Singkat cerita, datanglah hari Sabtu, 28 Juli 2012 dan tiba saatnya bagi saya untuk mempresentasikan apa yang saya tulis. I am so lucky to be surrounded by people who always support me. Teman-teman di ISID yang bantuin banget selama proses ini, ngasih saya masukan, kritik, nemenin belajar, dll. Especially for my best lecturer, dosen pembimbing yang sangat sangat brilliant, Sampe akhirnya waktu presentasi datang, dan saya benar-benar senang, karena (meskipun masih banyak kekurangan di sana sini), saya bisa performed my best. Saya bisa ngejawab pertanyaan penguji dengan baik saat itu (menurut saya), dan performed passionately, karena yang saya sampein di makalah bukan sekedar tugas karya tulis ilmiah untuk sebuah jawaban pertanyaan, tapi saya cerita tentang apa yang ada di benak saya tentang unek2 saya terhadap apa yang selama ini menjadi kejanggalan. Setelah saya performed, saya nggak peduli lagi mau dapet nilai apa di situ. Yang saya tahu, saya sudah memberikan yang terbaik, saya melakukan apa yang saya suka. Saya berbagi argument saya ke orang-orang yang hadir saat itu, mereka mau setuju dengan argument saya atau nggak, itu urusan mereka  –  –mungkin sebelum saya sidang, ada sebagian yang mengingatkan saya tentang sikap saya yang kadang tidak pantas untuk diperlihatkan didepan para penguji. karena akan ada penilaian karakter dan sejenisnya. I am the one who always believe that character should not be judged by numbers, and I don’t really care what they think about me, as long as it does not harm others. What i know, i don’t have to be someone else for the sake of winning this. Saya nggak harus mencoba untuk ‘pura-pura jadi pendiam’ kalo saya aslinya nggak kayak gitu. Kalo saya mau mengekspresikan sesuatu, I will. I know that there are things that should be improved, but it is not conditional. It will come out naturally during the learning process. Kalo mereka memang menginginkan yang dapet nilai A+ adalah orang kayak saya (dengan segala kekurangannya), they will. Kalo nggak, ya berarti saya nggak sesuai dengan standar mereka. Tapi bukan berarti standar mereka yang paling benar.

Dan mungkin seperti teman-teman yang ketahui, ternyata ini semua membuahkan hasil yang memuaskan.

Selama proses skripsi  ini, saya belajar banyak dari semuanya. Mulai dari my classmate, dimana saya bisa stay bareng-bareng sama mereka berhari hari.
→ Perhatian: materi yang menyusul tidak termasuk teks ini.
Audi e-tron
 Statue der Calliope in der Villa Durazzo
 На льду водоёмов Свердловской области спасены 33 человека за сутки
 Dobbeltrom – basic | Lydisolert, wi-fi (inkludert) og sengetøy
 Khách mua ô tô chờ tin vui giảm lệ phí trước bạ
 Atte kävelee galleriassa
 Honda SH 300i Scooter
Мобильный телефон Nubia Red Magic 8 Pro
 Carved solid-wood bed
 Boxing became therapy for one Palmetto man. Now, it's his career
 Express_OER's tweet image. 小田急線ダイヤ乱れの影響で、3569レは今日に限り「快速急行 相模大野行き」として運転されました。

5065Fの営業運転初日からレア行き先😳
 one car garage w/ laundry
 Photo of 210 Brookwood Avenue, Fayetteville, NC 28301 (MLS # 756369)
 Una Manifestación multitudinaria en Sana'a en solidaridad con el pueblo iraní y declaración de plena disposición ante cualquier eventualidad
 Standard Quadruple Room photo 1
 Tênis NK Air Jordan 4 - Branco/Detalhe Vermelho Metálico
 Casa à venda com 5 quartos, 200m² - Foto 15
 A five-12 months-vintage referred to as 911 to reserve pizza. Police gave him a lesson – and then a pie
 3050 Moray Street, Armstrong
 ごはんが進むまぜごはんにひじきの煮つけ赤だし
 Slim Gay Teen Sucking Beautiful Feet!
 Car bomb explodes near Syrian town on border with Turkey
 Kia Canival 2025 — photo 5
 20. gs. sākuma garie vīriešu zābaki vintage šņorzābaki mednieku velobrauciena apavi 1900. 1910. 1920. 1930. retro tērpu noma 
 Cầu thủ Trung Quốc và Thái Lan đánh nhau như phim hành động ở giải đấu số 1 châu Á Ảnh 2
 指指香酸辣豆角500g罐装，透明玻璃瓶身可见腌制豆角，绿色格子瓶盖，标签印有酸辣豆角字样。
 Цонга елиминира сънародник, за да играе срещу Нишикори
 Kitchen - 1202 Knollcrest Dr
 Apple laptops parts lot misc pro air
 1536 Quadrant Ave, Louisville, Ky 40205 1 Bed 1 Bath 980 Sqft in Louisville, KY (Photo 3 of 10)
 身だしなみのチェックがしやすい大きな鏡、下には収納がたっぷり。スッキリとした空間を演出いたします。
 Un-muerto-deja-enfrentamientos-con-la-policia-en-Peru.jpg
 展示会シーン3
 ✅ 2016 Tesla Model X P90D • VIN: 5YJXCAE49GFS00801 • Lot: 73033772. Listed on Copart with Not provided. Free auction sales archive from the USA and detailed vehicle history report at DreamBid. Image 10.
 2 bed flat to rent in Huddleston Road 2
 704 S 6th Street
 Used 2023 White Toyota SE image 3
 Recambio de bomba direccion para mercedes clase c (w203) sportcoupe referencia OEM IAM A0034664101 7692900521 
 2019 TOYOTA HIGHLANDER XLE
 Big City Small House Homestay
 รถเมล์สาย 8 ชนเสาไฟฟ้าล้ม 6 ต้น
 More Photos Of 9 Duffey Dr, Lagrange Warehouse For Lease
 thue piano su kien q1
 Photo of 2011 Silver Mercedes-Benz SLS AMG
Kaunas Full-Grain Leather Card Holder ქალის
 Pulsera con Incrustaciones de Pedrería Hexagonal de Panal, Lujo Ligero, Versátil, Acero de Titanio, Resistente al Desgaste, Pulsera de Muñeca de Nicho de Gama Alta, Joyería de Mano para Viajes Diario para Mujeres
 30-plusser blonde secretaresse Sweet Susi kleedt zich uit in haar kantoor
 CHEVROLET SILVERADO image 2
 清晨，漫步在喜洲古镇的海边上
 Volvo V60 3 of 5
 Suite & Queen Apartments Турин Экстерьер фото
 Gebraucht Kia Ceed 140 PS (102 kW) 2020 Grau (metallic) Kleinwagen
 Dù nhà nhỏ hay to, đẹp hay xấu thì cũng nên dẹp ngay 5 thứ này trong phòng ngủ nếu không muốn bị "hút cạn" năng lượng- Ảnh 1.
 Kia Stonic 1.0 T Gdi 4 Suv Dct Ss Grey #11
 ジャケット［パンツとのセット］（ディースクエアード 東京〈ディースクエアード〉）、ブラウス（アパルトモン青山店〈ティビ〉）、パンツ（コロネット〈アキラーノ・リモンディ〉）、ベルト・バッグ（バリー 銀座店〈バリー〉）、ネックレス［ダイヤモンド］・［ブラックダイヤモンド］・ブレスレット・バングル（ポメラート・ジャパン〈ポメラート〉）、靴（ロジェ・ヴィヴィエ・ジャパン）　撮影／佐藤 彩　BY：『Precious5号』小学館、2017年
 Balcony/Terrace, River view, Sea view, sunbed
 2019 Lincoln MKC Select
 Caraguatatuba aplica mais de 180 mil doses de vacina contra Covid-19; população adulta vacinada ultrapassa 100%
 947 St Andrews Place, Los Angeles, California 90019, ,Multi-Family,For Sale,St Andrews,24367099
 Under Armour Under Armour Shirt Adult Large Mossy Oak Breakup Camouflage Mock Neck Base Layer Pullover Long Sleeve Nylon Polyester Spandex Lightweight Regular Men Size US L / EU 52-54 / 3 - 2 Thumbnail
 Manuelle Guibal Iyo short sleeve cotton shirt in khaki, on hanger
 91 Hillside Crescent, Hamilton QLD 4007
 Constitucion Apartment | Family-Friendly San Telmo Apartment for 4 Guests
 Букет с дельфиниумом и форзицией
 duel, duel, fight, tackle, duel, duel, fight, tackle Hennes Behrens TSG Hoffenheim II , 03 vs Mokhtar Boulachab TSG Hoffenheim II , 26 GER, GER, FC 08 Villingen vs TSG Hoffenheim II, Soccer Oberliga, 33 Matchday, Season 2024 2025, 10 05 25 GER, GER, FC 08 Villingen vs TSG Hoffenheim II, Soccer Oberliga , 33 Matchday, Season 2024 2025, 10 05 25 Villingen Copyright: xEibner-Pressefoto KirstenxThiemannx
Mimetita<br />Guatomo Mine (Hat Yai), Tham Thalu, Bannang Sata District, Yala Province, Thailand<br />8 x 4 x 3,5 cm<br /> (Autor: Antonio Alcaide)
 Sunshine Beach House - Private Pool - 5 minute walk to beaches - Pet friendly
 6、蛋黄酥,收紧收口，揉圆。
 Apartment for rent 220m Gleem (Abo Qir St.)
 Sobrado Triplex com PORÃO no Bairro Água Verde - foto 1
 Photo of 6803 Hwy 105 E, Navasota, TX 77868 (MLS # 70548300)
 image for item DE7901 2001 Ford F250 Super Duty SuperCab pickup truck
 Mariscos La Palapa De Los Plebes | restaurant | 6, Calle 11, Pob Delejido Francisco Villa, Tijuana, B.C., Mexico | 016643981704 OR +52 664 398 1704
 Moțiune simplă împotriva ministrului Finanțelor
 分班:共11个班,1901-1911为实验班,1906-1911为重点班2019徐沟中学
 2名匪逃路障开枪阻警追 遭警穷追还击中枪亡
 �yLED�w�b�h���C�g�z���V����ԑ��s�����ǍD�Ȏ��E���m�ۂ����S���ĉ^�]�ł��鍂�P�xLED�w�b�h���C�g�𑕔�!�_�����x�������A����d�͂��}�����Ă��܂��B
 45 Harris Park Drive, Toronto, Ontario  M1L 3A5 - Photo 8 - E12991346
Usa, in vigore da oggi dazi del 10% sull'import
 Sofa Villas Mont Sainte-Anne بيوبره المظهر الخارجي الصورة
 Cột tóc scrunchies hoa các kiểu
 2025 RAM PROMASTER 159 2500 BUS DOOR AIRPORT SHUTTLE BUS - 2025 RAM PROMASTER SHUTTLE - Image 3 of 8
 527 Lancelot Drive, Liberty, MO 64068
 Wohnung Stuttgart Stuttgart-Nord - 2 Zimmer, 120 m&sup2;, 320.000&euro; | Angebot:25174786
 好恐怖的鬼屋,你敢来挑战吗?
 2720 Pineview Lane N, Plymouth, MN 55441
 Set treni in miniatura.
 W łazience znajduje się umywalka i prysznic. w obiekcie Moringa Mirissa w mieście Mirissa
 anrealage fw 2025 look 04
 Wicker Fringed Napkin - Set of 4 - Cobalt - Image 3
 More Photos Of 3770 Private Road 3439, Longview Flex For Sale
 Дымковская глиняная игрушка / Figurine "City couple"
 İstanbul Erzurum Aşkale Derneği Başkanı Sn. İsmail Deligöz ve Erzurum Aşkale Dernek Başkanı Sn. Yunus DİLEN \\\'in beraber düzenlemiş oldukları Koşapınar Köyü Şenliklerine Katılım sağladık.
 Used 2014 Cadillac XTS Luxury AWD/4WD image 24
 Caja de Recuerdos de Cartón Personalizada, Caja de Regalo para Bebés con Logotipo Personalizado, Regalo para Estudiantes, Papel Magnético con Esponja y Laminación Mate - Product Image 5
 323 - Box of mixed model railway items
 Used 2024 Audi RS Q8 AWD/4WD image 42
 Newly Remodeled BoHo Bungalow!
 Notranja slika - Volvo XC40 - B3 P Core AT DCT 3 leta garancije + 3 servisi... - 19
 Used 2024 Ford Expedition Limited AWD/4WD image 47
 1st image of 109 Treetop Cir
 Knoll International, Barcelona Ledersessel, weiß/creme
Bisa kenal dengan karakter asli semuanya, bisa belajar langsung dari mereka semua dengan segala kelebihan, keunikan, dan kekurangannya. Di ISID, dimana saya bisa ketemu sama teman-teman dan dosen dosen yang dahsyat, yang sudah ngasih dampak lewat keilmuannya ataupun sekitar (masyarakat pesantren) dengan cara mereka masing-masing.
Jalan masih panjang, dan masih banyak yang harus saya perbaiki dalam banyak hal. Cuman paling nggak saya belajar satu hal, bahwa bagaimanapun beban yang kamu pegang, betapa besarpun ekspektasi orang-orang terhadap kamu, jangan sampe itu membuat kamu ‘berbohong’ sama diri kamu sendiri. Memaksakan sesuatu yang kamu nggak suka, sesuatu yang bukan kapasitas kamu, dll. Kamu yang tahu apa yang terbaik dari diri kamu. Jadikan komentar orang lain bukan untuk mengontrol kamu melakukan A, B, atau C, tapi cuma jadi komplementer untuk membantu kamu mengambil sikap. At the end, sikap apa yang kamu ambil, itu terserah ke kamu nya.
Dalam setiap hal yang saya kerjakan, ada sesuatu yang jauh lebih besar dari sekedar mendapatkan hasil akhir yang bagus atau menjadi yang terbaik. Motif utama saya agar dapet nilai A+ adalah, lebih kepada keinginan saya untuk bisa ngasih kado (terakhir mungkin), sebelum saya lulus kuliah, ke orang-orang yang udah berjasa besar buat saya selama ini. dan at least saya pengen banget bisa bikin mereka bangga, dan dapat spotlight buat kerja keras mereka ngedidik saya selama ini. Saya pengen banget bisa ngasih ‘kegembiraan’ buat teman-teman se MUAMALAT, Azhaa grade khususnya yang udah berarti besar dalam proses saya belajar di ISID selama 4 tahun terakhir, teman-teman yang membantu ngebentuk saya jadi siapa saya sekarang. Teman-teman yang nggak peduli sebenarnya apa saya mau dapet nilai berapa, karena mereka tetap akan ngedukung saya. Tapi kalo saya bisa kasih yang terbaik buat semua jasa baik mereka, kenapa nggak? Adapun hadiah-hadiah yang lain, jadi bonus lah.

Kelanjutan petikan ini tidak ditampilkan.